Dataset content:
# # #

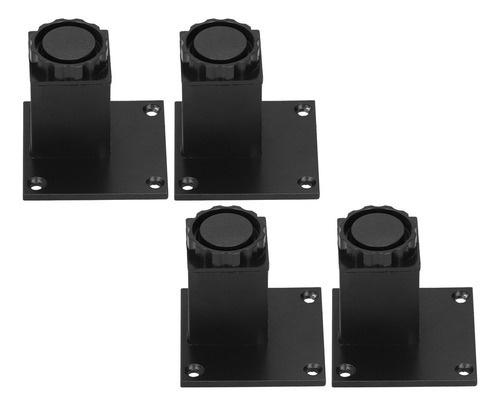 . 4 Unids/set Patas De Muebles De Altura Ajustable Aleación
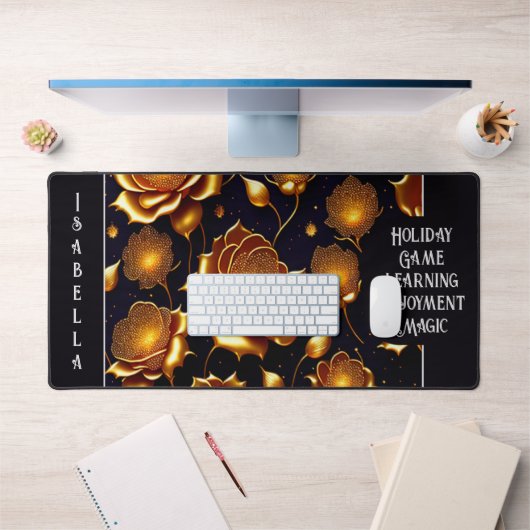 Modern Luxury Big Gold Roos Collectie Bureaumat (Kantoor 1)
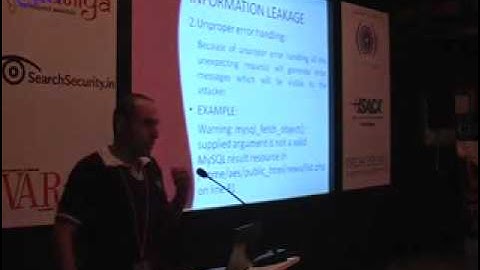 ClubHack 2010 - BEST PRACTICES OF WEB APPLICATION SECURITY (Part1)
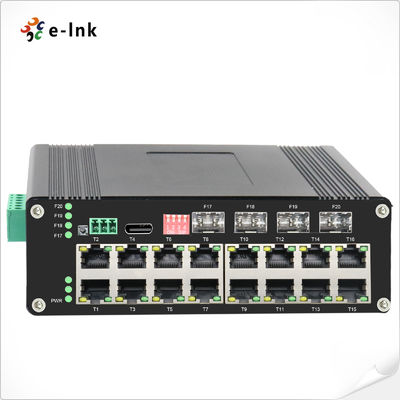 سوئیچ Ethernet سخت شده مدیریت شده صنعتی L2 IEEE802.3at PoE برای شبکه های نظارتی صنعتی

# # #

What to produce: Give the data again exactly as written, with no pictures included.

Task answer:
 . 4 Unids/set Patas De Muebles De Altura Ajustable Aleación
 Modern Luxury Big Gold Roos Collectie Bureaumat (Kantoor 1)
 ClubHack 2010 - BEST PRACTICES OF WEB APPLICATION SECURITY (Part1)
 سوئیچ Ethernet سخت شده مدیریت شده صنعتی L2 IEEE802.3at PoE برای شبکه های نظارتی صنعتی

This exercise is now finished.